■ TASK ■
Wherever a picture appears in the listing below, leave it out and reproduce the rest exactly.

■ DATASET EXCERPT ■
=== Section Start ===
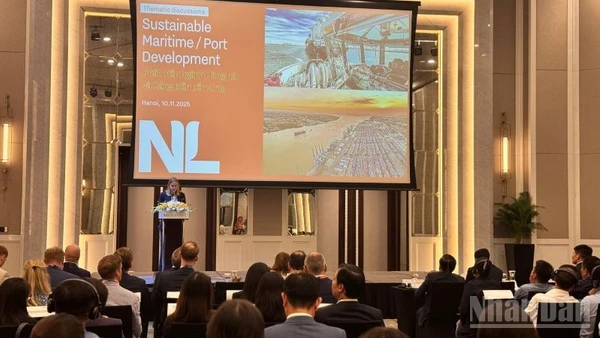 Phiên thảo luận về cảng biển. (Ảnh: HNV)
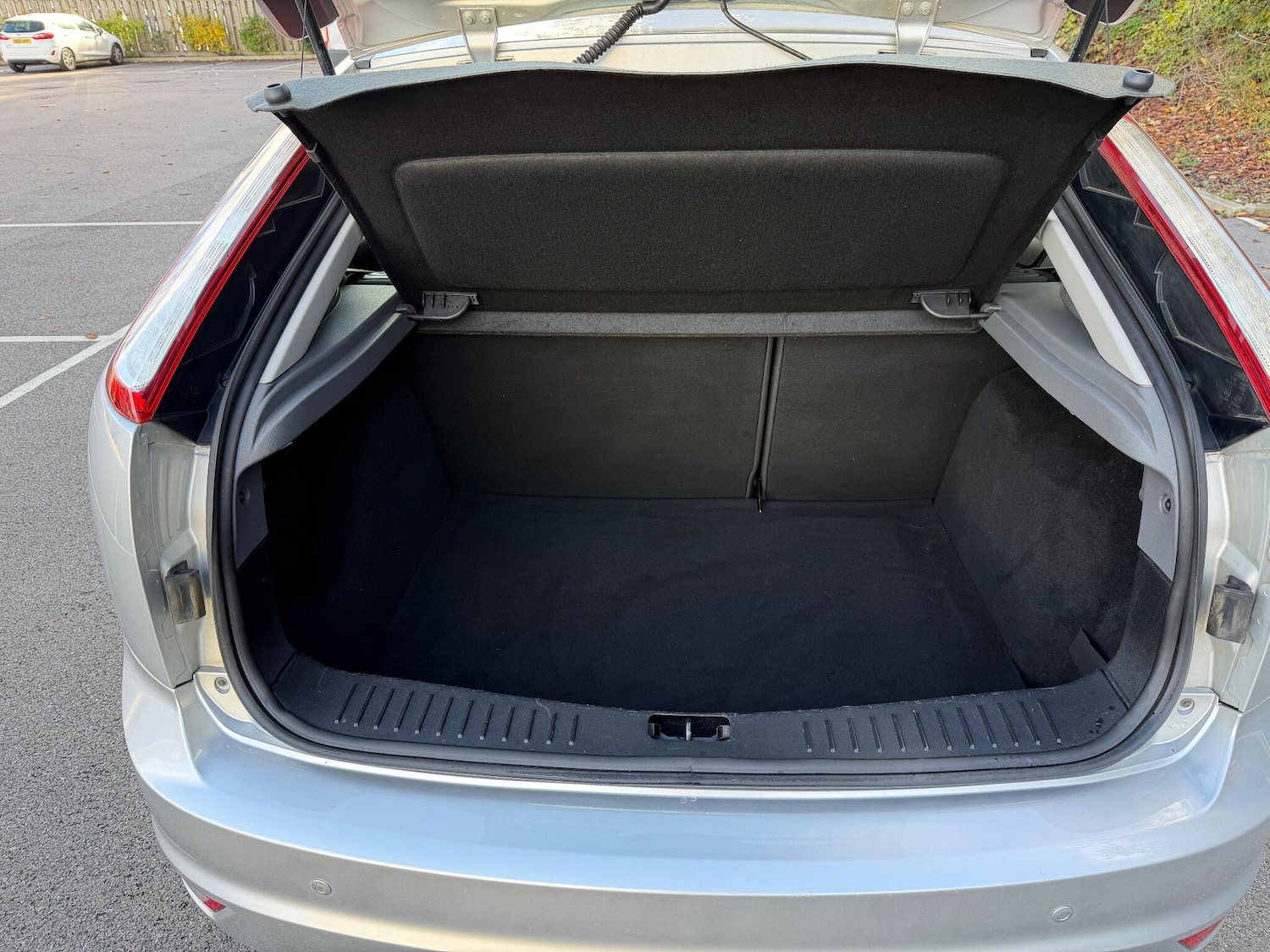 Used Ford Focus 2010 for sale - 76360108: Photo 18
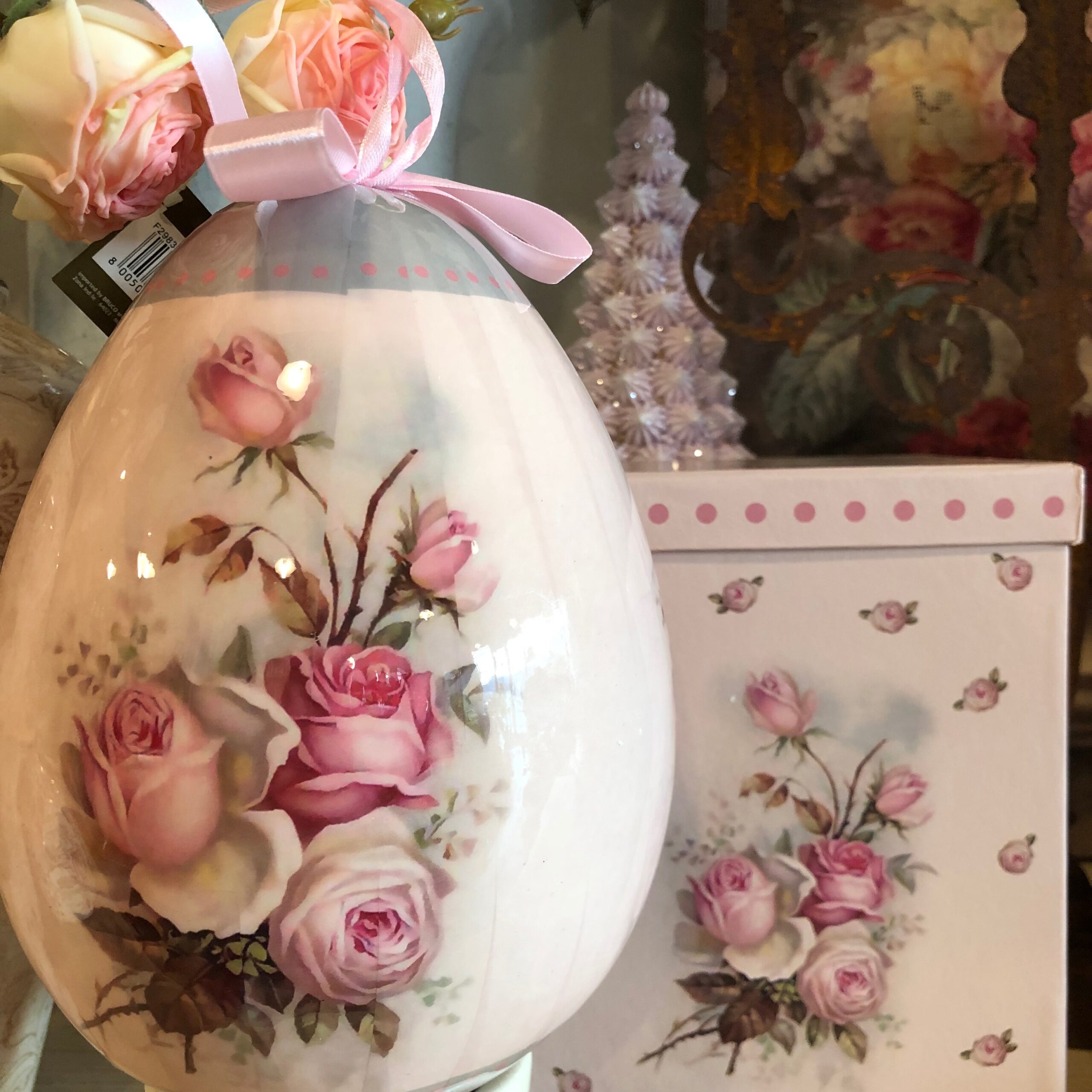 Decorazione uovo di Pasqua con rose – Grande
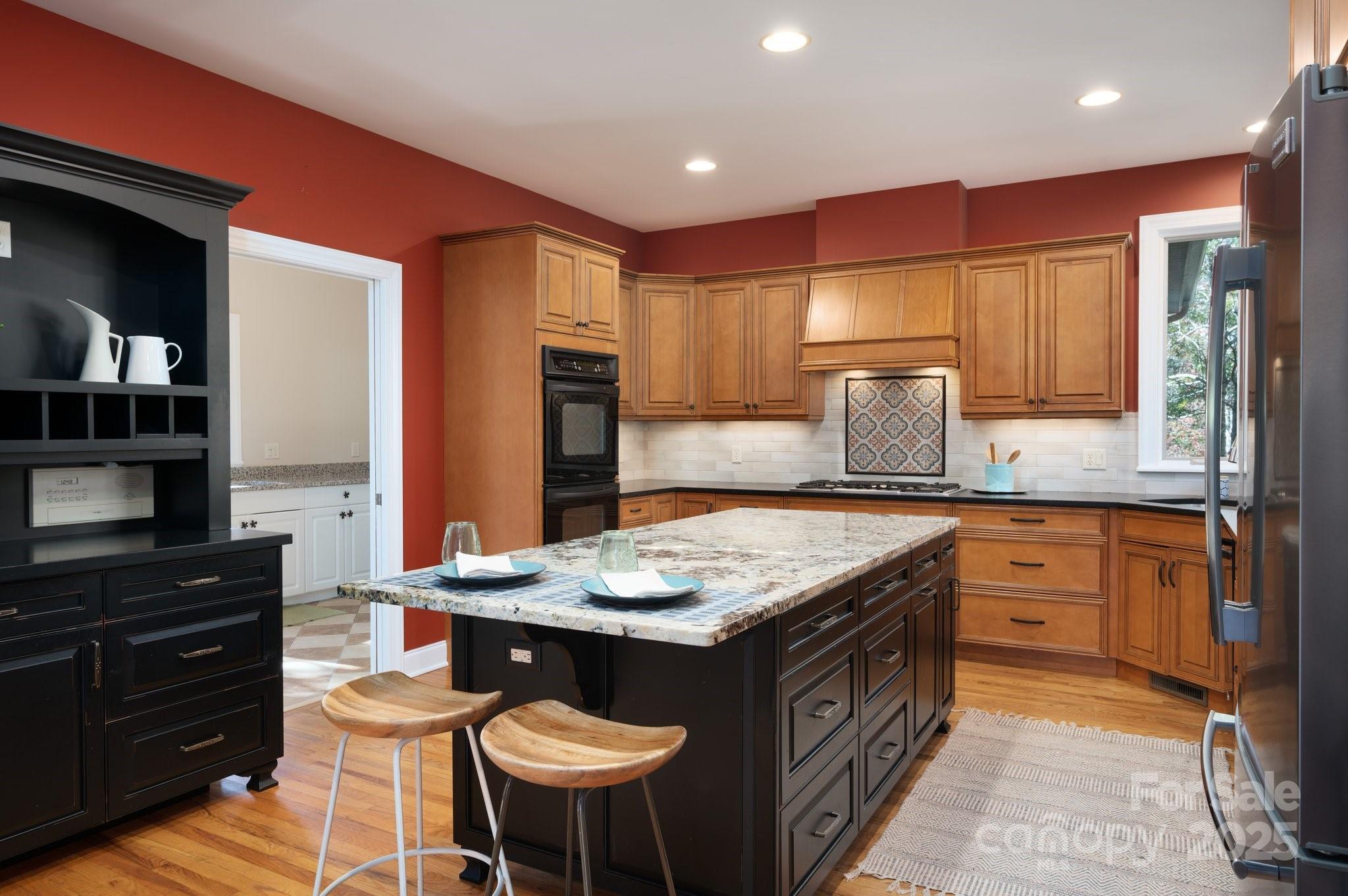 32 Scenic Valley Drive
=== Section End ===
■ TASK RESPONSE ■
 Phiên thảo luận về cảng biển. (Ảnh: HNV)
 Used Ford Focus 2010 for sale - 76360108: Photo 18
 Decorazione uovo di Pasqua con rose – Grande
 32 Scenic Valley Drive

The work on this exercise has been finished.